§ **WORK REQUIRED**: Count every line in the following entries where the word "City" appears. Give the count alone.
--
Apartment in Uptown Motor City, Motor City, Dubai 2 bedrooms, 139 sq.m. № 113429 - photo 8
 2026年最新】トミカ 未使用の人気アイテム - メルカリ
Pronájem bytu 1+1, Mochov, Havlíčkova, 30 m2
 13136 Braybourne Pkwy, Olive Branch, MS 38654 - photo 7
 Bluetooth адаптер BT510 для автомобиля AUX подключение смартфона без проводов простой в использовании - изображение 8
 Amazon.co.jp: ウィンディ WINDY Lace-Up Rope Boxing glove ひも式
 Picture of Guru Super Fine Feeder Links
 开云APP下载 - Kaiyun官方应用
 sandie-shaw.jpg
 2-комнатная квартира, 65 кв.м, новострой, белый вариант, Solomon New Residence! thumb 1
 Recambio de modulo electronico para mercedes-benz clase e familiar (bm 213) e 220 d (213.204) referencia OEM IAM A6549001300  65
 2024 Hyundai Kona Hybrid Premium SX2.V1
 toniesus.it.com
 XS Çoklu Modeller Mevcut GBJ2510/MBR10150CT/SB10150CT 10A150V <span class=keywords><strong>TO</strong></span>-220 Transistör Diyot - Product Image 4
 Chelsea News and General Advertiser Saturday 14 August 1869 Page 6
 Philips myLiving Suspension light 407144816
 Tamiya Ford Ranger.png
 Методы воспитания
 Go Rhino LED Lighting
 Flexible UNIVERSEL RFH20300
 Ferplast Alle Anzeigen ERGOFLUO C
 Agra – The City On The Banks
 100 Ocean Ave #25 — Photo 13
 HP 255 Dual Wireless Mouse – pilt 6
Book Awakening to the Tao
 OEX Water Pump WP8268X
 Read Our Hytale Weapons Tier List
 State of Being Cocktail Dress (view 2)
--
§ **ANSWER TO THIS PROBLEM**: 2